◆ SUPPLIED INFORMATION
----------------------------------------
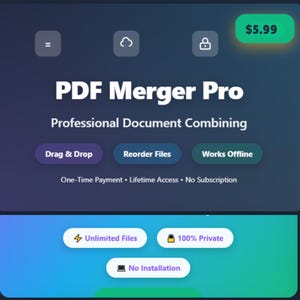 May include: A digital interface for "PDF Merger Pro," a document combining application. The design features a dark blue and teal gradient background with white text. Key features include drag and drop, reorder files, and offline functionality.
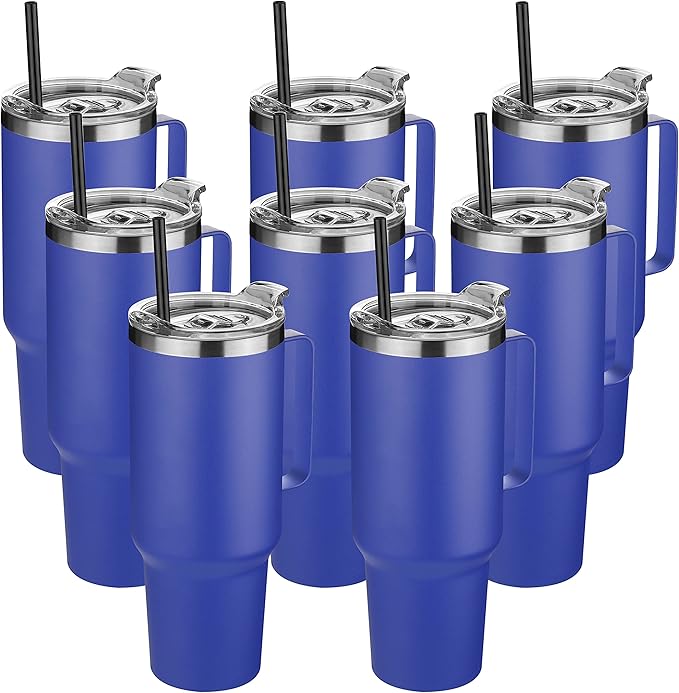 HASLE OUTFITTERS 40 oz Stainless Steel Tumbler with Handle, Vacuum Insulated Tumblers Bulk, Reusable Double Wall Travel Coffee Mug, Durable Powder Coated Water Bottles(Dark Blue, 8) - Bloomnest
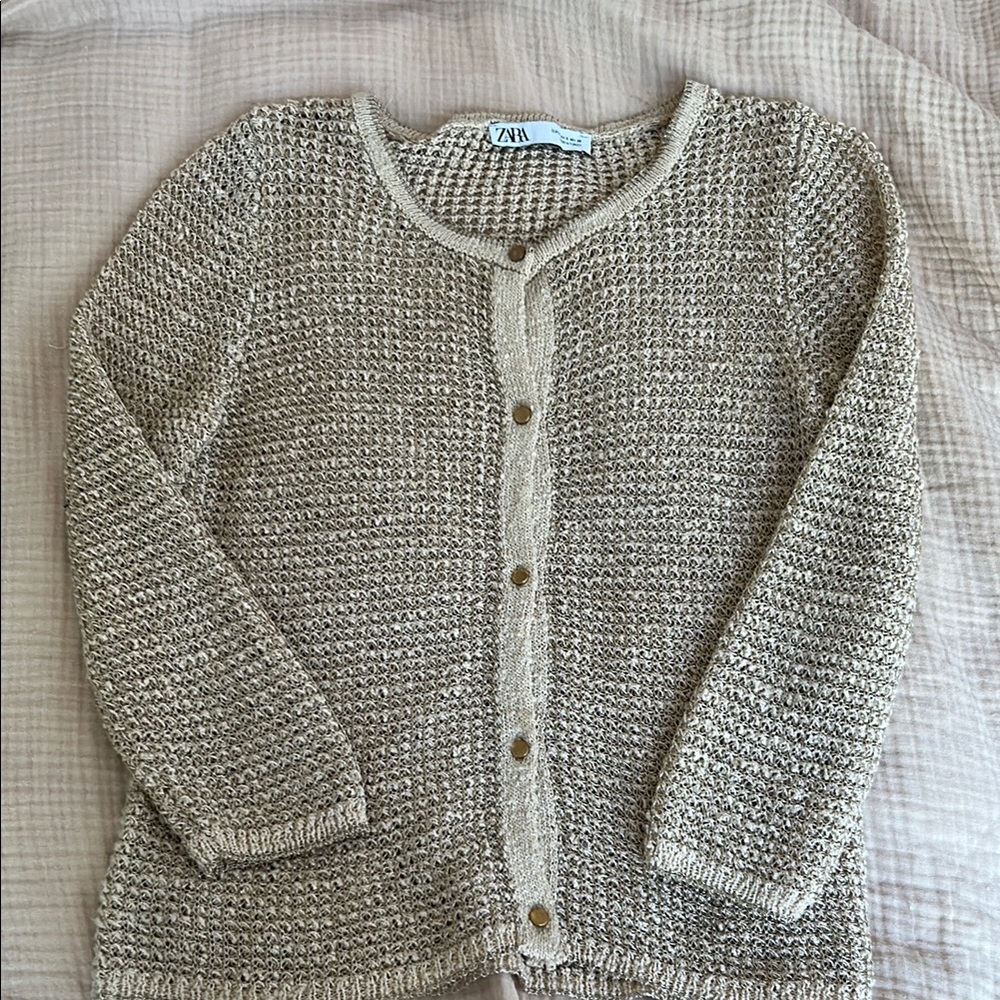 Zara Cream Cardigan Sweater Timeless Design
----------------------------------------
All of the material must be given again exactly, though no picture may appear in the copy.

◆ REPLY TO THE TASK
 May include: A digital interface for "PDF Merger Pro," a document combining application. The design features a dark blue and teal gradient background with white text. Key features include drag and drop, reorder files, and offline functionality.
 HASLE OUTFITTERS 40 oz Stainless Steel Tumbler with Handle, Vacuum Insulated Tumblers Bulk, Reusable Double Wall Travel Coffee Mug, Durable Powder Coated Water Bottles(Dark Blue, 8) - Bloomnest
 Zara Cream Cardigan Sweater Timeless Design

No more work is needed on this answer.